November 2, 2012

 

 

 

United States Securities and Exchange Commission

Division of Corporate Finance

100 F Street, N.E.

Washington, DC 20549-3628

Attention: Mark Rakip, Staff Accountant

 

Re:Chanticleer Holdings, Inc. (File No. 1-35570) (the “Company”)
  

Item 4.02 Form 8-K

Filed September 10, 2012

Item 4.01 Form 8-K

Filed October 18, 2012

Dear Mr. Rakip:

 

The purpose of this letter is to provide the Company’s response to the October 26, 2012 Comment Letter (the “Comment Letter”) to Mr. Michael D. Pruitt, Chief Executive Officer of the Company.

 

Amendment 1 to Form 8-K filed October 24, 2012

 

Item 4.01 Changes in Registrant’s Certifying Accountant

 

COMMENT 1.                      Please revise your Form 8-K to clarify whether prior to the engagement of RSM Betty & Dickson (Cape Town) on September 18, 2012, the registrant (or someone on its behalf) consulted RSM Betty & Dickson (Cape Town) regarding either: the application of accounting principles to a specified transaction, either completed or proposed; or the type of audit opinion that might be rendered on the registrant’s financial statements, and either a written report was provided to the registrant or oral advise was provided that the new accountant concluded was an important factor considered by the registrant in reaching a decision as to the accounting, auditing or financial reporting issue; or any matter that was either the subject of a disagreement (as defined in paragraph 304(a)(1)(iv) and the related instructions to this item) or a reportable event (as described in paragraph 304(a)(1)(v)).

 

Response:We have revised our Amendment 1 to Form 8-K to state, “that during the Company’s two most recent fiscal years and the subsequent interim period preceding the dismissal of BDCT neither the Company nor anyone on its behalf consulted BDCT regarding either: (i) the application of accounting principles to a specific completed or contemplated transaction, the type of audit opinion that might be rendered on the Company’s financial statements, or other information provided that was considered by the Company in reaching a decision as to an accounting, auditing or financial reporting issue, or (ii) any matter that was the subject of disagreement (as defined in Item 304(a)(2)(iv)) or a reportable event (as defined in Item 304(a)(1)(v)).”

 

 
 

 

 

 

This language has been added in the 8-K/A as the third paragraph under Item 4.01.

  

 

COMMENT 2.                     Please revise your form 8-K to state whether RSM Betty & Dickson (Cape Town) resigned, declined to stand for re-election or was dismissed, and the specific date, as required by Item 304(a)(1)(i) of Regulation S-K. The wording, “discharged” is unclear to reader.

 

Response:While we believe “discharged” has the same meaning as “dismissed”, we have revised our Amendment 1 to the 8-K to state RSM Betty & Dickson (Cape Town) was dismissed by revising the last sentence of paragraph two, under Item 4.01, to read, “BDCT did not perform any audit work on behalf of the Company since the Company announced their engagement on September 18, 2012, until they were dismissed on October 18, 2012.”

 

 

COMMENT 3.                     Please revise your Form 8-K to state whether during the registrant’s two most recent fiscal years and any subsequent interim period through the date of resignation, declination or dismissal there were any disagreements with RSM Betty & Dickson (Cape Town) on any matter of accounting principles or practices, financial statement disclosure, or auditing scope or procedure, which disagreement(s) if not resolved to the satisfaction of the former accountant, would have caused it to make reference to the subject matter of the disagreement(s) in connection with its reports.
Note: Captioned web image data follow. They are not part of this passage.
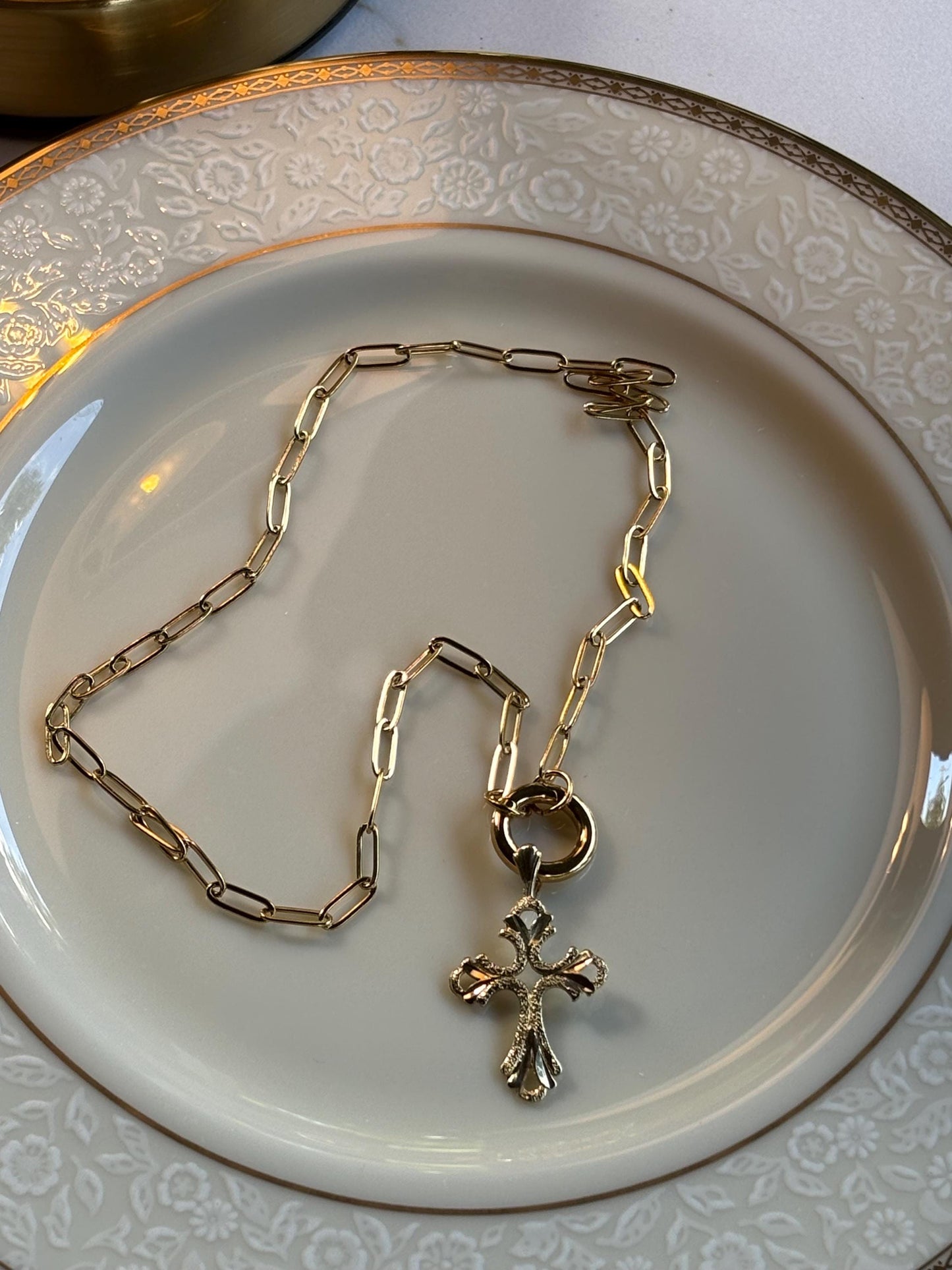 Vintage Gold Cross Pendant 14K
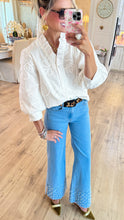 White Button-Down 3D Blouse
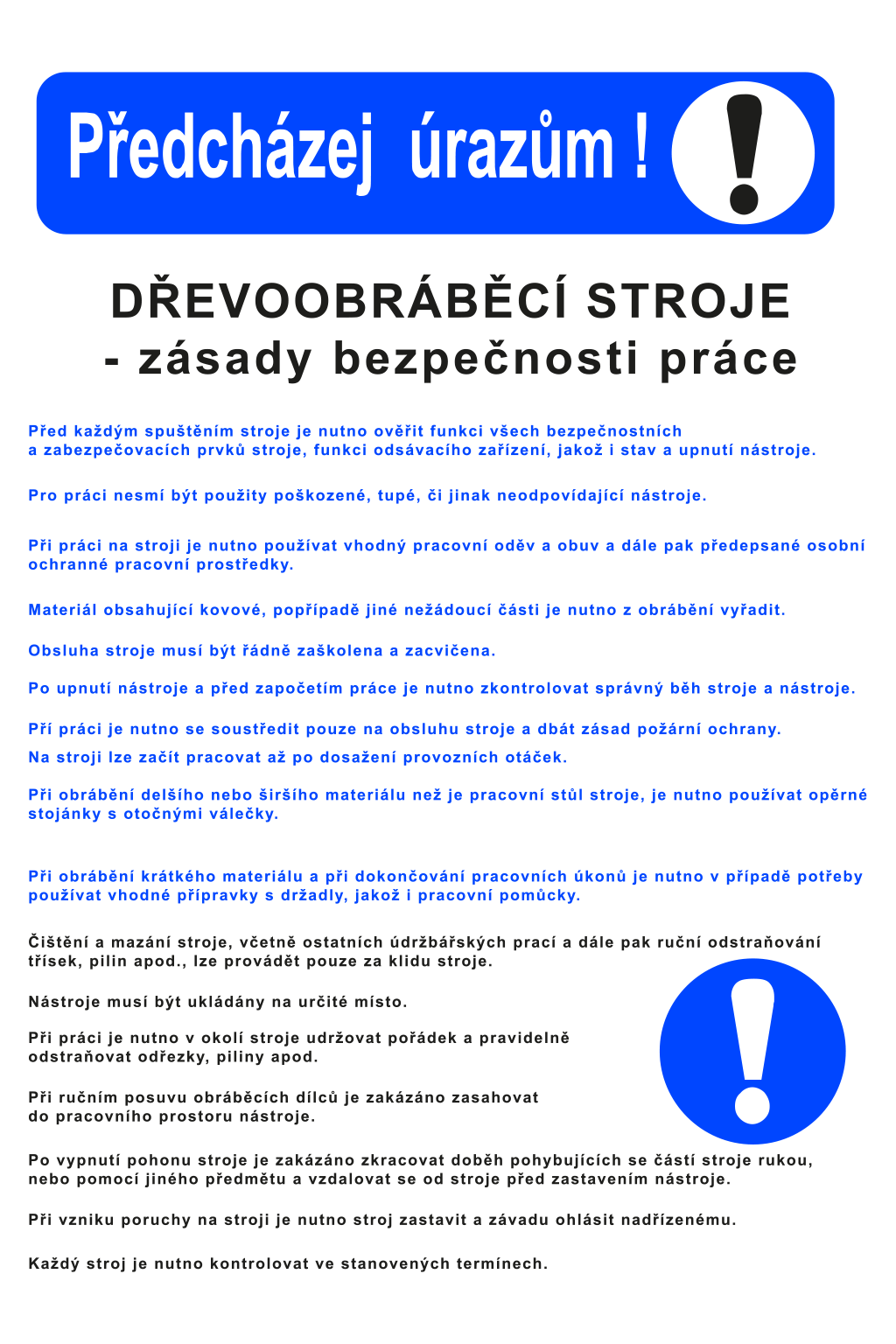 Dřevoobráběcí stroje - zásady bezpečnosti práce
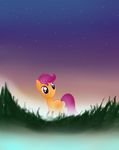  cutedementia equine female friendship_is_magic horse mammal my_little_pony night_sky pony scootaloo_(mlp) smile solo young 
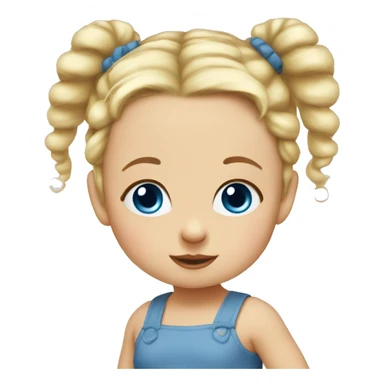 Blond baby girl- blueeyes-  messybun sticker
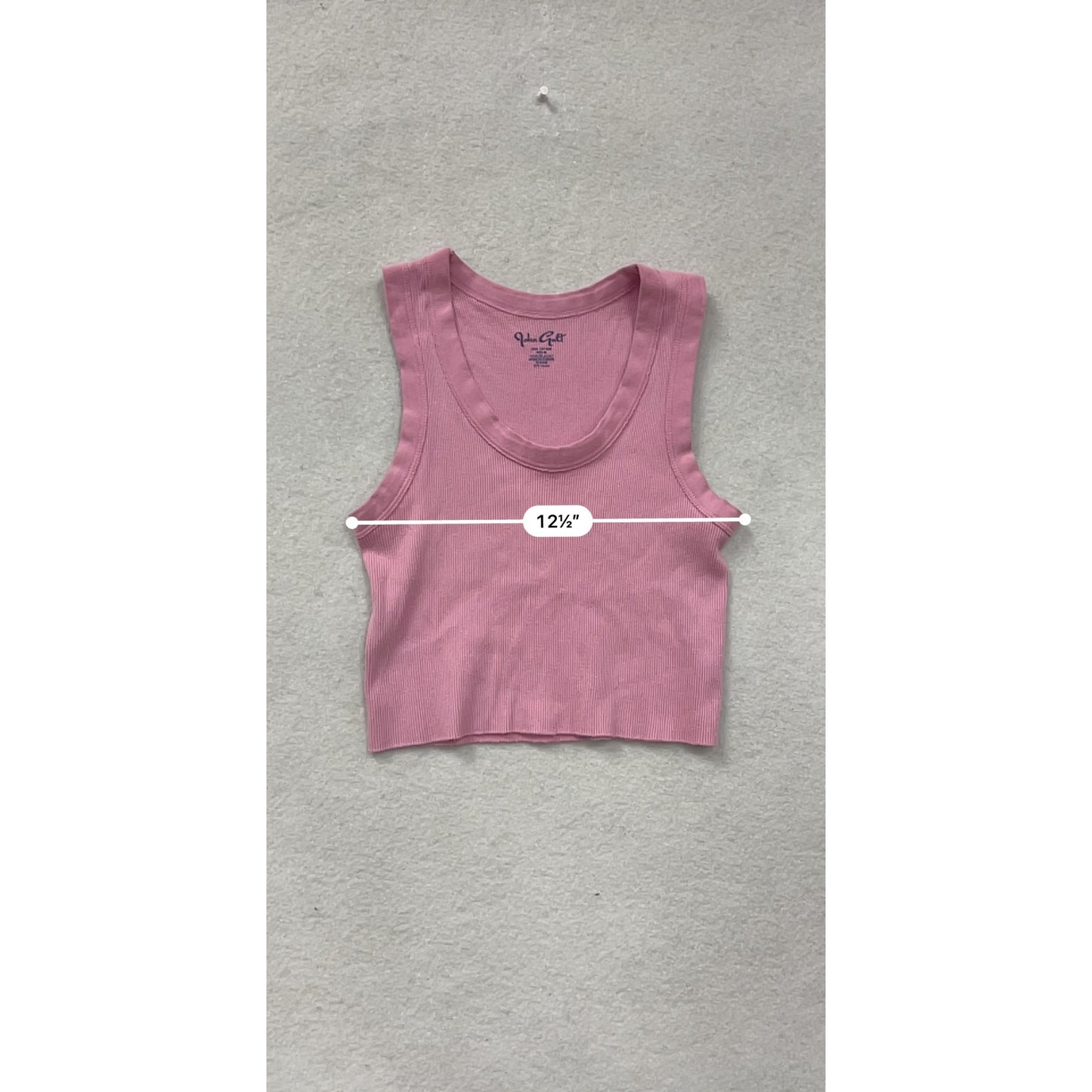 John Galt Pink Ribbed Cropped Tank Top S/M #8516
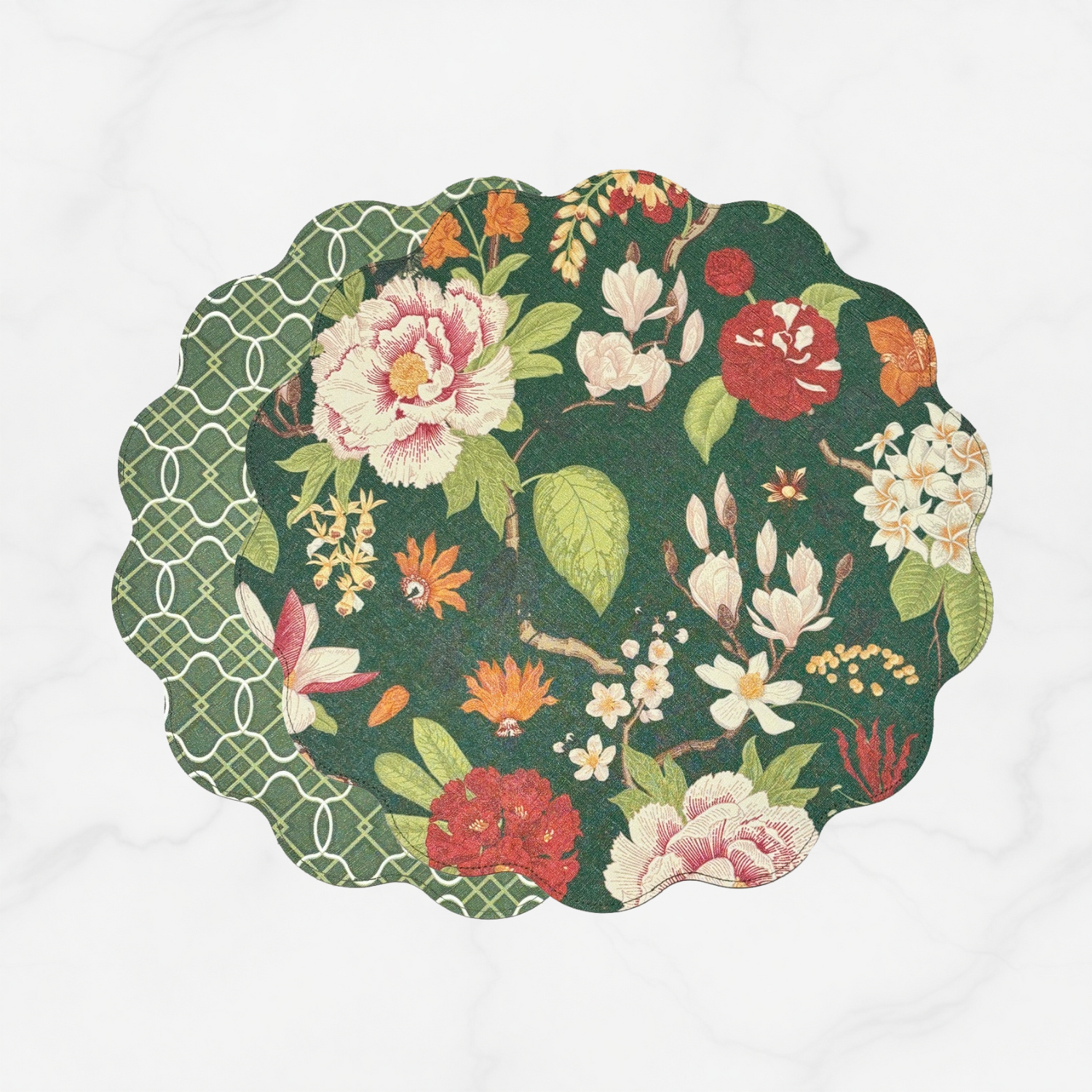 Heirloom Floral Reversible Scallop Placemat (Set of 4)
In the event of disagreement(s) and/or reportable event(s), provide the specific disclosures required by Item 304(a)(1)(iv) and (v) of Regulation S-K. Include a letter from the former accountants addressing the revised disclosures in the amendment.

 

Response:We have revised our Amendment 1 to the 8-K to state, “from the date of appointment being September 18, 2012 preceding the dismissal of BDCT there were (a) no “disagreements” as defined in Item 304(a)(1)(iv) of Regulation S-K with BDCT on any matter of accounting principles or practices, financial statement disclosure, or auditing scope or procedure, which disagreement, if not resolved to the satisfaction of BDCT, would have caused it to make reference to the subject matter of the disagreement in connection with its report; and (b) no “reportable events” as defined in Item 304(a)(1)(v) of Regulation S-K.

 

 

COMMENT 4.                      Please clarify the nature and significance of the audit work to be performed by RSM Betty & Dickson (Durban). It does not appear that this firm is registered with PCAOB. The auditor of the financial statements of the financial statements of the non-issues entity must be registered if, in performing the audit, the auditor played a “substantial role” in the audit of the issues, as the term is defined in PCAOB Rule 1001(p)(ii). The inclusion or exclusion of such a report under S-X 2-05 does not affect this determination.

 

Response:Marcum LLP is a PCAOB registered firm, where Marcum LLP will perform the audit for the three-month period ended December 31, 2011 and issue an opinion on our South African Operations. Marcum LLP will also perform the reviews for the three-month periods ended March 31, 2012 and June 30, 2012. We are aware RSM Betty & Dickson (Durban) is not a registered with PCAOB, where RSM Betty & Dickson will not be playing a substantial role in the auditing process, pursuant to PCAOB Rule 1001(p)(ii). RSM Betty & Dickson (Durban) will only be assisting Marcum LLP with supervision as needed, primarily because of RSM Betty & Dickson (Durban) close physical proximity with our South African operations books and records, with regards to the audit for the three-month period ended December 31, 2011.

  

 
 

 

 

 

Item 4.02 Non-Reliance on previously issued Financial Statements of a Related Audit Report or Completed Interim Review

 

 

COMMENT 5.                     We note your responses to prior comments 1 and 2 from our letter dated October 12, 2012 and your statement that you will not sell securities pursuant to the registration statement until you are “current in your filings”. Please confirm that you will not sell securities pursuant to the registration statement until you have filed a post-effective amendment which has been declared effective and that included disclosures (a) thru (c) from the SEC Comment letter dated October 26, 2012.

 

Response:NASDAQ halted our trading for both our Common Stock and Warrants on September 11, 2012 at approximately 3:11 pm Eastern time. NASDAQ has not allowed trading since then. The Company will notify its warrant holders of the status of the Registration Statement. Further, the Company will not allow the exercise of any of the warrants registered on the S-1 until the Company has filed a post-effective amendment, which has been declared effective. The Company confirms we will add below disclosures to our post-effective amendment:
a.)Risk Factor and other relevant disclosure regarding withdrawal of the Creason & Associates, PLLC (“Creason”) audit opinion as of and for the fiscal year ended December 31. 2011
b.)Risk Factor and other relevant disclosure regarding your potential liability under the federal securities laws related to the issues noted in your Item 4.02 Form 8-K; and
c.)Risk Factor and other relevant disclosure, including an update to the legal Proceedings section pursuant to Item 103 of Regulation S-K regarding the litigation related to these matters.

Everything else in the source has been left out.